I saw this young family standing in the back of the church and with a hospitable heart I greeted them enthusiastically by introducing myself and welcoming them to the church. The young woman politely introduced herself and her son and immediately said: “My son wants to meet God.” The young fellow chimed in: “Yea, where is He?” Have you ever found yourself wondering where God is?

It was a tragic accident. A twenty-five-year-old man was killed in an automobile accident when he drove his vehicle into the Cheat River on Christmas Eve. I was called upon to conduct the funeral. Just minutes before the funeral was to begin this young man’s fiancé who was to give birth to their baby in a few weeks came up to me overwhelmed with grief. “I need to talk to you,” she cried. We went to the parlor and she sobbed: “Where is God in all of this?
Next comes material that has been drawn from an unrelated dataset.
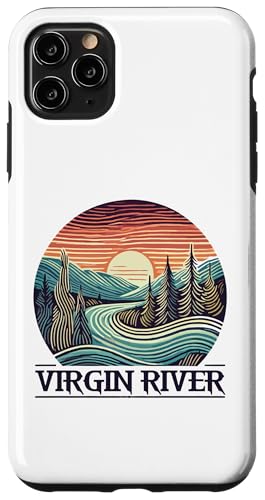 Virgin River T-Shirt Retro Minimalist River Virgin �X�}�z�P�[�X iPhone 11 Pro Max �p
How could a good God allow such a horrible thing to happen to us?”

I had five minutes to give an abbreviated theology lesson about God to a devastated young woman whose world had been turned upside down. The only thing she was hearing was the pounding of her broken heart.
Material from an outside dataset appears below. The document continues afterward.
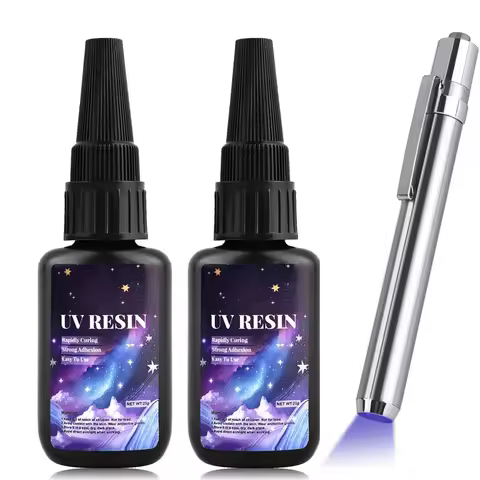 UV Bonding Welding Glue Kit Super Bonding UV Glue or Black Light Quick-Drying For Bonding Glass Wood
We are cognitive people. We have a great need to understand. We want to find God that we might understand the Almighty. Theologians have struggled for years trying to define (understand) God. Turn to the back of the hymnal and you will find not one but ten Affirmations of Faith all attempting to help us understand God. Many hymns make an attempt at explaining God.

The great theologian, Augustine, while puzzling over God, was walking along the beach one day when he observed a young boy with a bucket running back and forth to pour water into a little hole. Augustine asked, “What are you doing?” the boy replied, “I’m trying to put the ocean into this hole.” Then Augustine realized that he had been trying to put an infinite God into his finite mind.
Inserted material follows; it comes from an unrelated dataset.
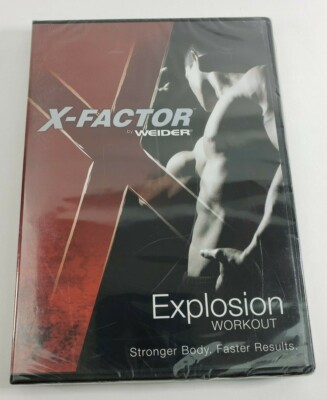 X-FACTOR Weider Workout DVD Total Body Workout and Explosion Sealed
There is an old story about the theologian Karl Barth (pronounced Bart), who was on a speaking tour of the United States. On college campuses all across this country, he was drawing huge crowds to hear his very complex answers to the questions of life. When he was speaking at Princeton University, the great hall was packed with faculty, students and visitors who came to hear Karl Barth speak. During the question and answer period one student asked, “Dr. Barth, may I ask you a personal question?” Dr. Barth smiled and said, “Yes, you may ask anything.” The student asked: “Dr. Barth you are a very educated man. What is the greatest truth you have ever learned? Dr. Barth bowed his head, thinking for a moment about how he would respond. Then he raised his head and looked out at the student who asked the question and he said. “The greatest truth I ever learned was at my mother’s knee: Jesus loves me, this I know for the Bible tells me so.” Maybe that is all we need to know about God, God is love.

This Sunday we will observe Memorial Day by honoring our veterans. We will also pause and pay tribute to those who have given their all in the fight for freedom. God has given us the greatest freedom we will ever know…freedom from the penalty of our sin, just because He loves us. Where is God? God is here loving us in all seasons of our lives.

This Sunday the chancel choir will sing one of my favorite anthems, ‘In This Very Room’ by Ron and Carol Harris. The words always speak to my heart.

In this very room, there’s quite enough love for one like me.
And in this very room, there’s quite enough joy for one like me,
And there’s quite enough hope and quite enough power to chase away any gloom.
For Jesus, Lord Jesus, is in this very room.

In this very room, there’s quite enough love for all of us.
And in this very room, there’s quite enough joy for all of us.
And there’s quite enough hope and quite enough power to chase away any gloom.
For Jesus, Lord Jesus, is in this very room.

In this very room, there’s quite enough love for all the world.
And in this very room, there’s quite enough joy for all the world.
And there’s quite enough hope and quite enough power to chase away any gloom,
For Jesus, Lord Jesus, is in this very room.
Where is God? God is right here loving us!